Fear in the leadership team: A dangerous taboo for future planning

Jan David Ott is Facilitator for Longterm Strategic Decision-Making & Change at the Futurewise Company. On his LinkedIn account he takes us along on topics related to change management, leadership, and foresight. Here we publish excerpts of his experiences.
You lead a company – and you sense the worries and fears of your leadership team regarding the future?
We all know this sentence: “Courage is not the absence of fear. Courage is acting despite fear.”
But in reality, doesn’t a different expectation actually apply? Leaders don’t have fears, they have solutions. They are the sponges of the company – soaking up everyone else’s worries, and “with one wipe” it’s all gone. How? With the right mindset, of course.
The mindset list keeps getting longer
Growth mindset, agile mindset, inclusive mindset, entrepreneurial mindset…
The list is long. Mindset seems like the universal tool – whoever just has the right attitude masters everything.
A study by GP Strategies (“Great Leaders Think Differently”) breaks with this image. Because when top performers lack something, it is often not the skills required for the respective mindset. Those they acquire. What is missing is the right way of dealing with a feeling that is not allowed to occur: fear.
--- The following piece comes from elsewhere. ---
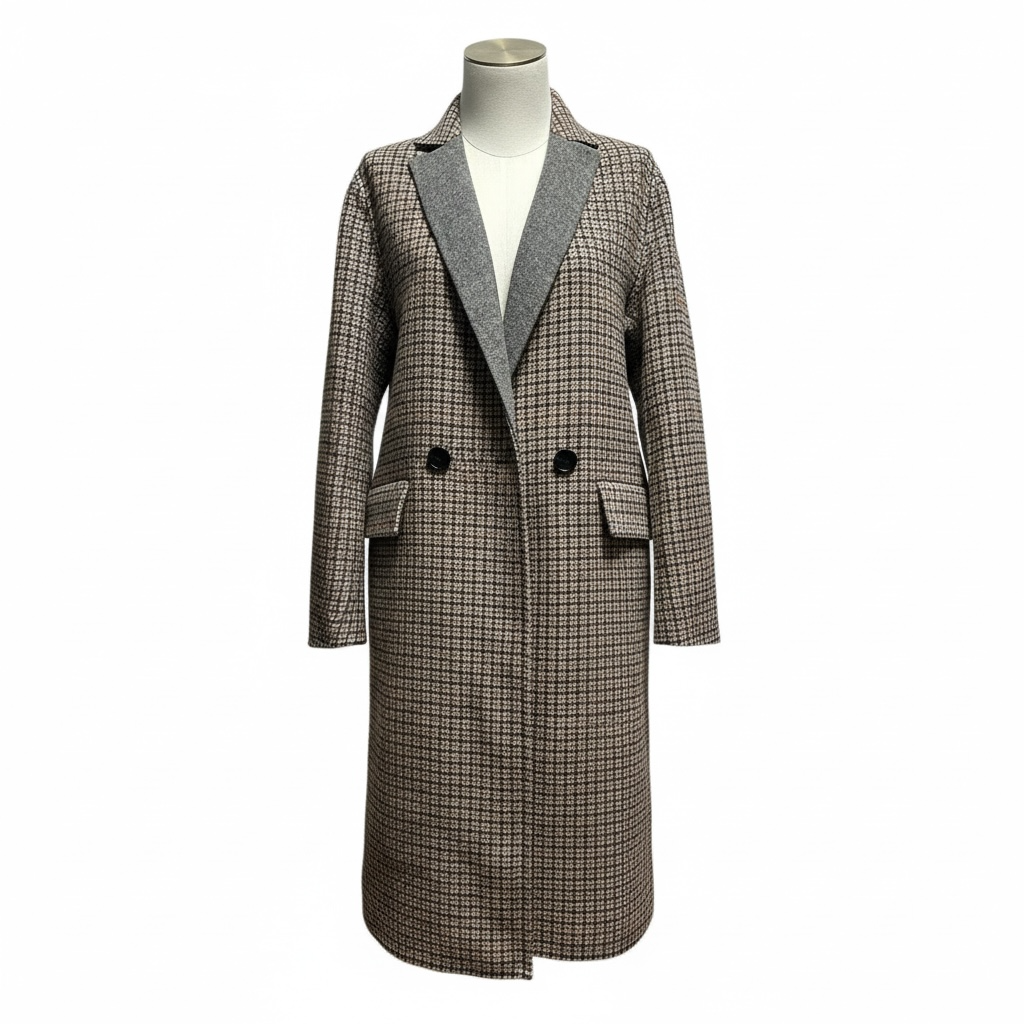 Manteau Whistles - S - Gris - État : Excellent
And now it gets interesting – also for corporate foresight
When executives have to develop long-term future strategies, they need a futures mindset. And the key to success for this is not knowledge and methods. What is decisive is the way of dealing with critical uncertainties:
What are the forces that will radically change the world in 10 to 15 years? How do they interact – and where are we headed beyond the next bend?
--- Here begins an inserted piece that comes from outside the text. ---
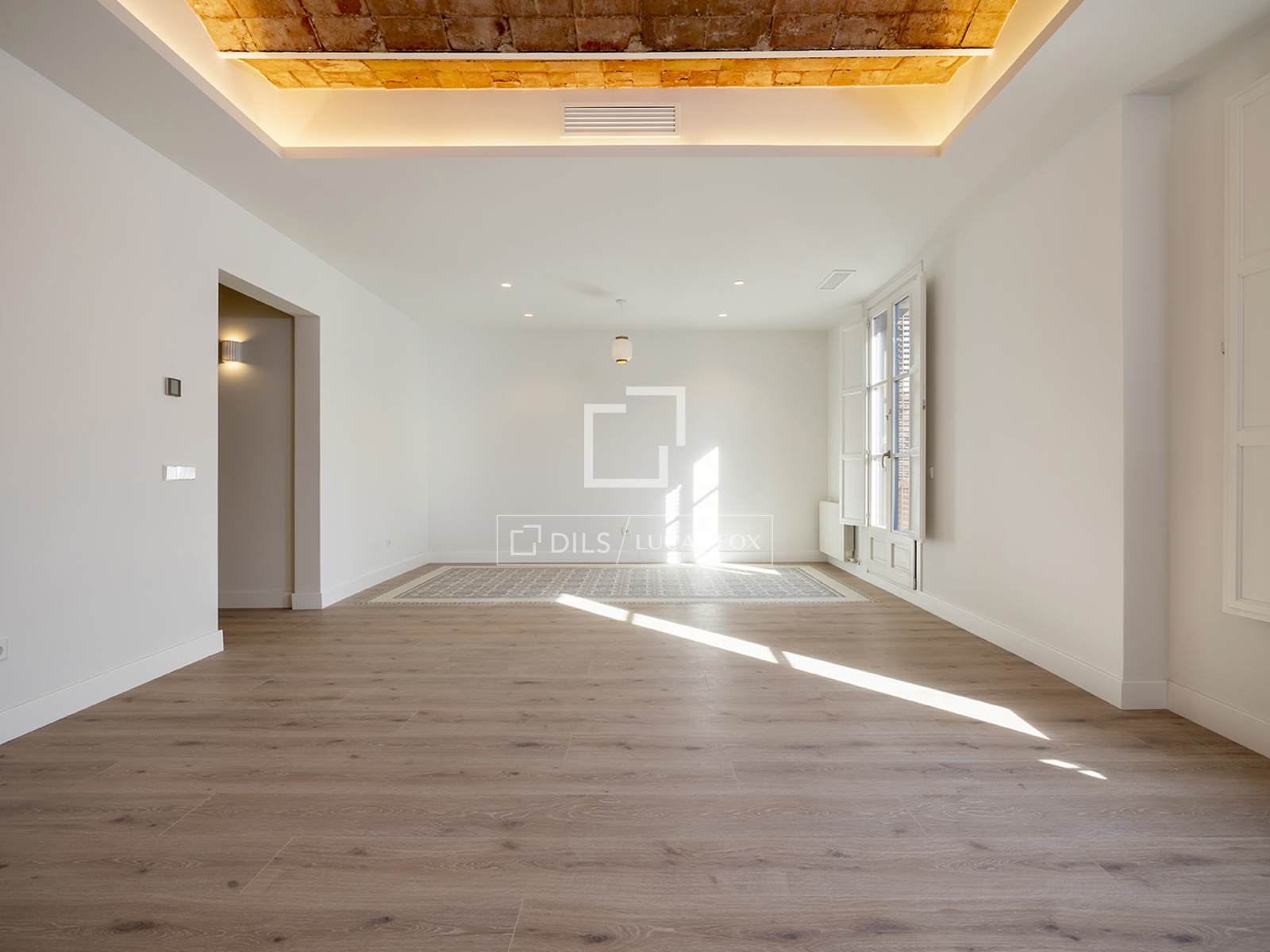 Apartment in Barcelona, Spain 3 bedrooms, 189 sq.m. No. 150517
You can face these uncertainties. Or you can look away – and focus on what seems certain. Two years. Four years. Or rather just six months?
But here you can usually only optimize and rarely shape.
Three steps in futures sparring
That is why, in my #FuturesSparring with company leaders, I rely on three steps:
➤ First, spell out the fears – because they are an important indicator: What presumably will not stay the way it has been?
➤ Then unleash your own curiosity – long-term strategy is a vast, as yet uncultivated space for shaping. Those who engage early with critical uncertainties can look out for signals of change and see patterns. Can discover new possibilities before others see them. #Zukunftsmusik (dreams of the future) whets the appetite.
➤ And then arises courage fueled by enthusiasm and filled with energy – because the goal is no longer to lose nothing, but to gain something new.